Big data Expert, It security specialist, Blockchain expert, Network system engineer, sono questi i ‘nuovi’ professionisti che, secondo l’head hunter Carola Adami, sono attualmente i più ricercati dalle aziende italiane: «Si tratta perlopiù di professionalità appena nate, che le imprese italiane, per ora, faticano a individuare».

Ma, come anticipato, non si tratta solo della selezione di nuovo personale: i cacciatori di teste non possono risolvere, da soli, la sfida che si pone alle aziende italiane. Serve infatti molta formazione interna, anche se, come svela lo studio Mercer, solo il 46% degli HRD è convinto di poter affrontare in modo efficace la riqualificazione delle competenze dei dipendenti già inseriti in azienda.

Eppure la riqualificazione delle risorse è essenziale, sia per le imprese che per gli stessi dipendenti.

Se infatti più del 70% dei top manager italiani è convinto che, entro cinque anni, un ruolo su cinque all’interno della propria azienda cesserà di esistere, prepararsi al cambiamento attraverso corsi di formazione ad hoc è indispensabile.

Come ha sottolineato Silvia Vanini, Partner Deputy Career Leader Mercer Italia «in Italia la sfida per il capitale umano portata dall’industria 4.0 si incontra con le peculiarità del business model, caratterizzato da componenti ad elevata artigianalità, e del tessuto produttivo nazionale. A nostro parere, come per altri momenti di discontinuità, è proprio in queste fasi iniziali che si sta tracciando uno spartiacque tra le realtà più proattive e le altre, laddove solo le prime si stanno attrezzando per gli impatti organizzativi del cambiamento».

Tutto questo accade mentre i dipendenti, spinti soprattutto dai cosiddetti Millennials, sono alla ricerca di maggiore flessibilità, e quindi di maggiore controllo della propria vita, anche a livello professionale.

«Le nuove tecnologie stanno avendo un impatto importante anche sulla concezione stessa del capitale umano» spiega Carola Adami, Ceo e founder della società di ricerca e selezione di personale di Milano Adami & Associati, aggiungendo che «da una parte le imprese sono portate a cercare nuovi talenti in grado di portare concretamente l’innovazione in azienda mentre dall’altra le medesime realtà stanno iniziando a capire che il cambiamento d’ora in avanti sarà continuo, e che quindi l’immissione di nuove risorse è solo il primo passo per dare forma al futuro del proprio business».

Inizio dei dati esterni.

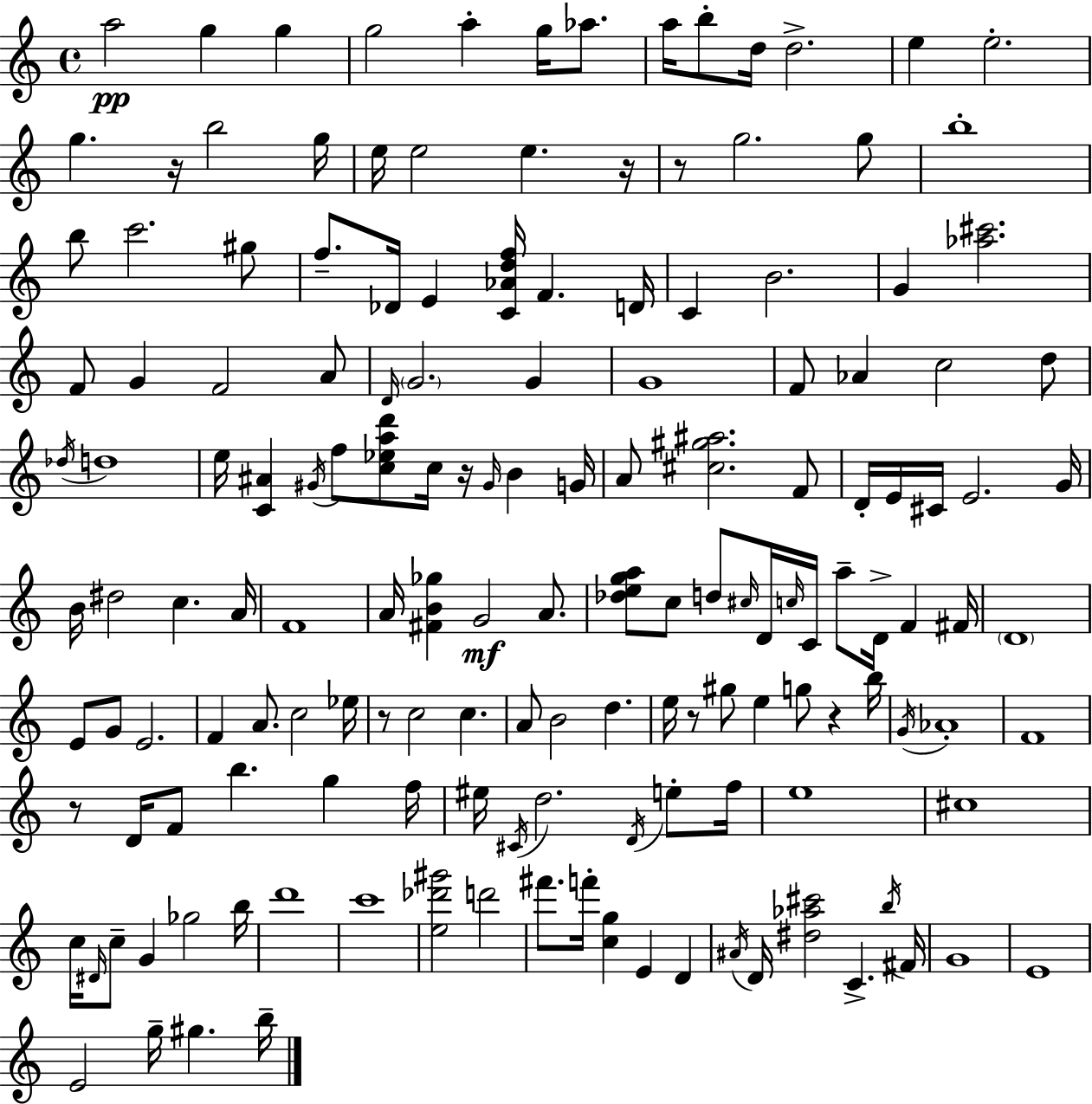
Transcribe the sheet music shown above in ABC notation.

«I Millenials, in linea generale, sono caratterizzati da un approccio disincantato al lavoro, riconoscendo una maggiore importanza alla vita privata rispetto a quella professionale» ha spiegato Adami «inoltre, per necessità o per scelta, sono inclini al Jop Hopping: si stima infatti che i Millenials trentenni abbiano cambiato in media il triplo delle aziende rispetto ai Baby boomers».

La richiesta di maggiore flessibilità è del resto generalizzata, tanto che il 96% dei top manager è convinto che offrire ai propri dipendenti una maggiore flessibilità sia una parte essenziale della value proposition aziendale. E certo non sbagliano nel cercare di offrire qualcosa in più ai loro talenti, soprattutto leggendo il dato per il quale il 34% dei dipendenti intervistati, pur essendo soddisfatti del proprio lavoro, manifestano comunque la volontà di lasciare l’azienda attuale, non percependo reali opportunità di carriera interna.